Extracted data –
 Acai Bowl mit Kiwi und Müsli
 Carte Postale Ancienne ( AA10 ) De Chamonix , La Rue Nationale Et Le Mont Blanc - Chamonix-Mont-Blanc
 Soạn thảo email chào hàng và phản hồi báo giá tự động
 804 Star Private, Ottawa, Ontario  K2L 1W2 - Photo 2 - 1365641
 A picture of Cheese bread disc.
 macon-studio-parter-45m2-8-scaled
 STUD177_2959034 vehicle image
...
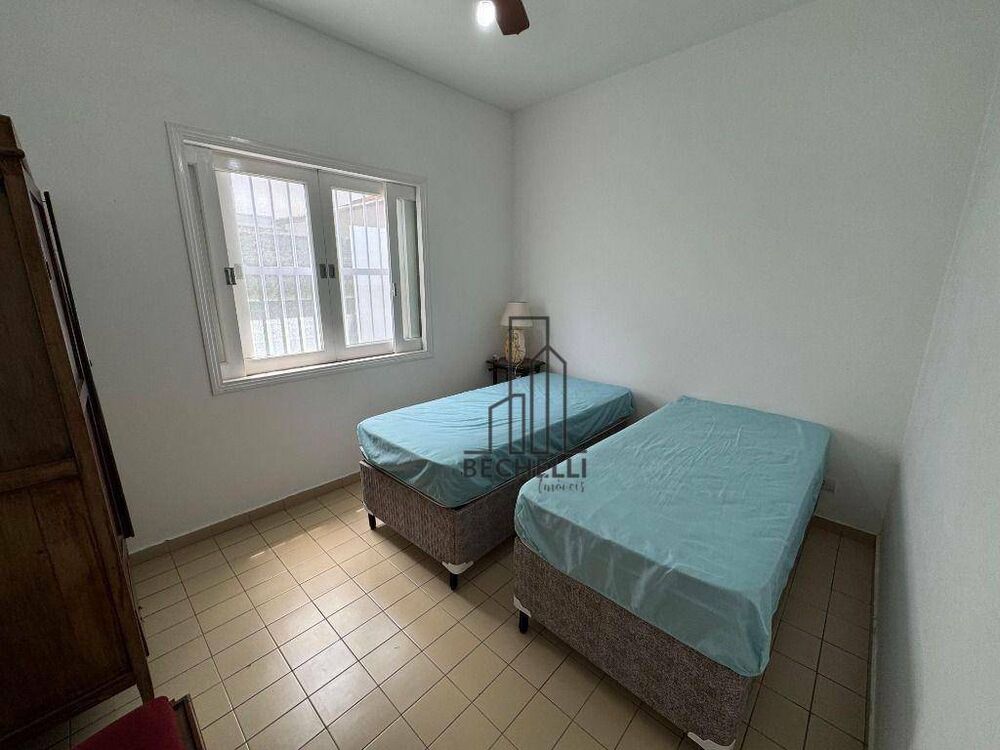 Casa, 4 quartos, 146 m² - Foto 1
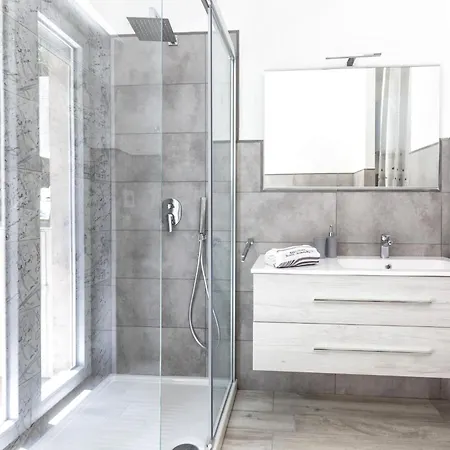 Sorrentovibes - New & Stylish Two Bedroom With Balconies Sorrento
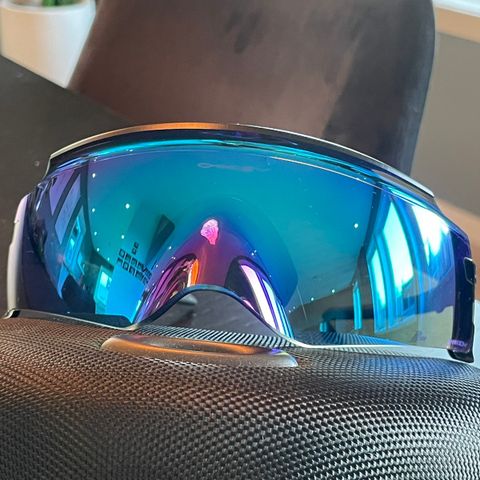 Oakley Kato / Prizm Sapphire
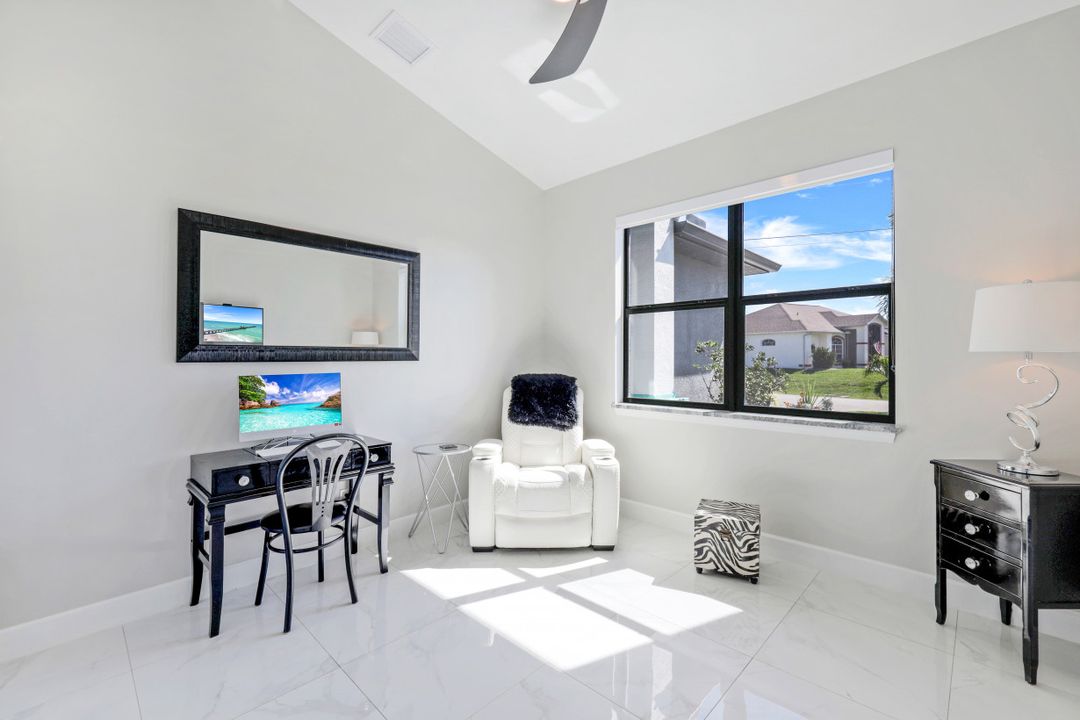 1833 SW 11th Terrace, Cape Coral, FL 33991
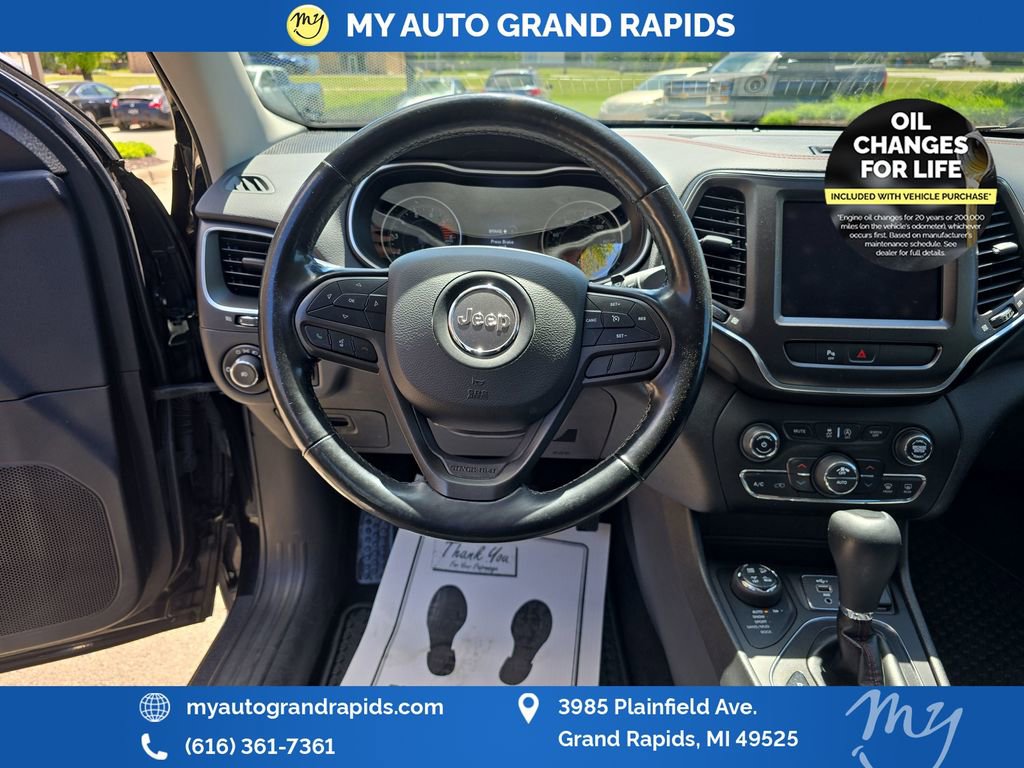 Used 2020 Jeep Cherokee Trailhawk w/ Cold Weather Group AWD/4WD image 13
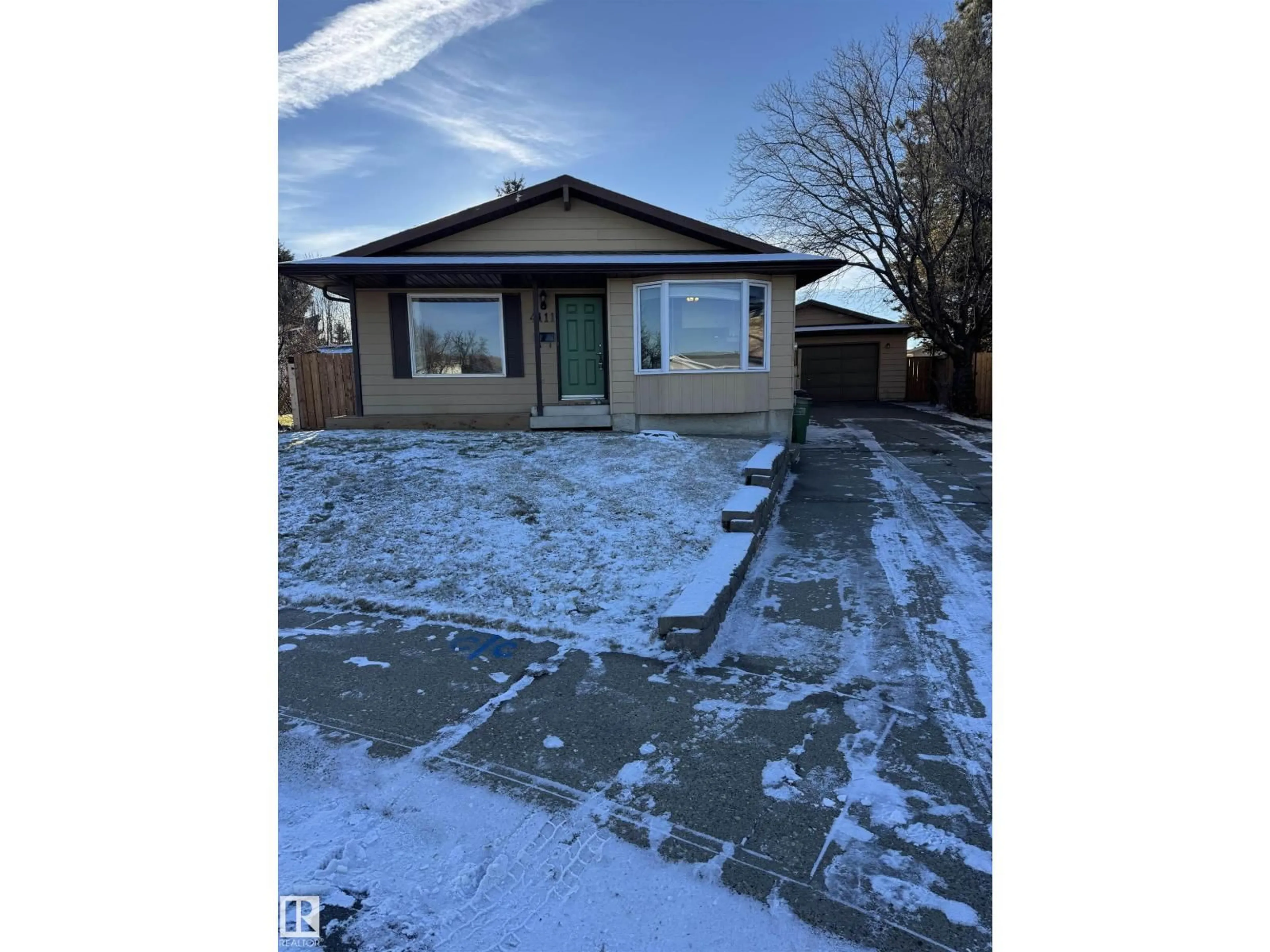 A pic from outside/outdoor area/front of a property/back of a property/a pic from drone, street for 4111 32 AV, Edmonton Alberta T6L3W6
---
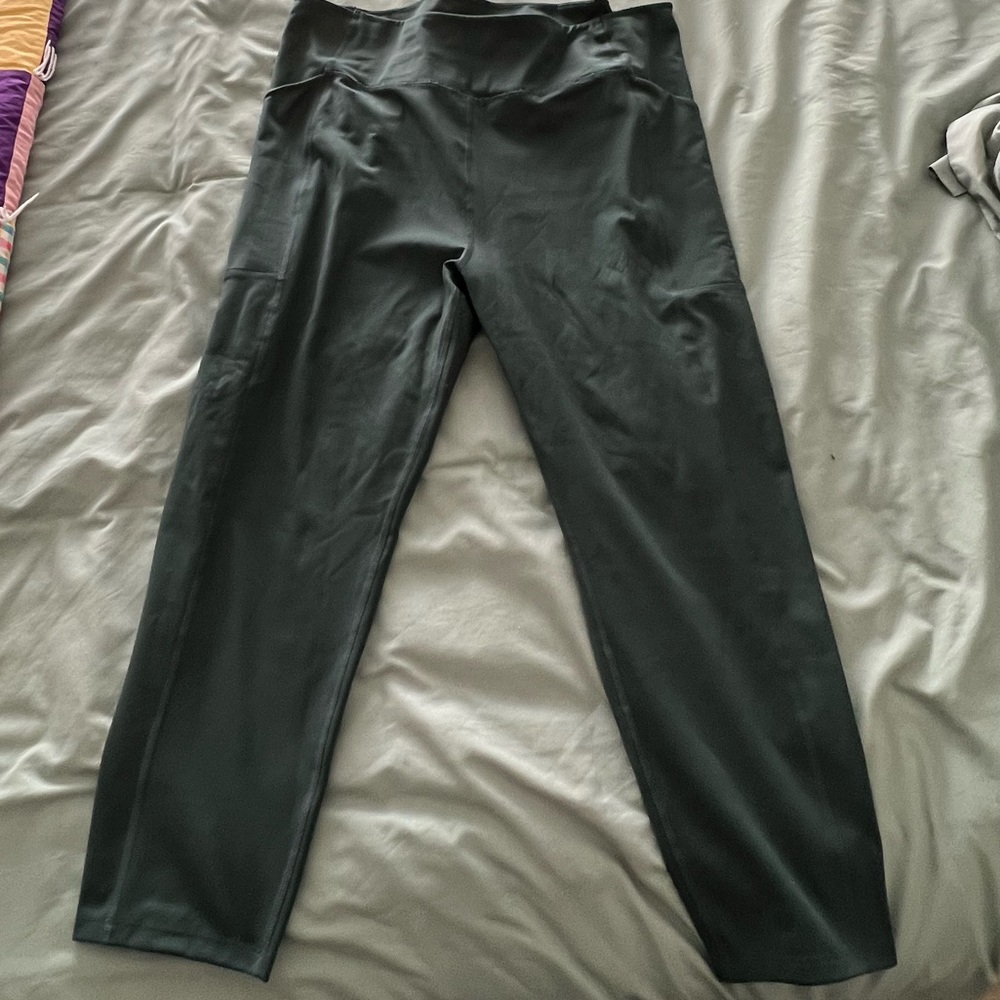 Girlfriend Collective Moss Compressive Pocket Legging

Goal of the exercise –
The answer is the lines of the material above, from the one containing "Oakley Kato / Prizm Sapphire" down to the one containing "A pic from outside/outdoor", given exactly and without images.

Reply to the task –
 Oakley Kato / Prizm Sapphire
 1833 SW 11th Terrace, Cape Coral, FL 33991
 Used 2020 Jeep Cherokee Trailhawk w/ Cold Weather Group AWD/4WD image 13
 A pic from outside/outdoor area/front of a property/back of a property/a pic from drone, street for 4111 32 AV, Edmonton Alberta T6L3W6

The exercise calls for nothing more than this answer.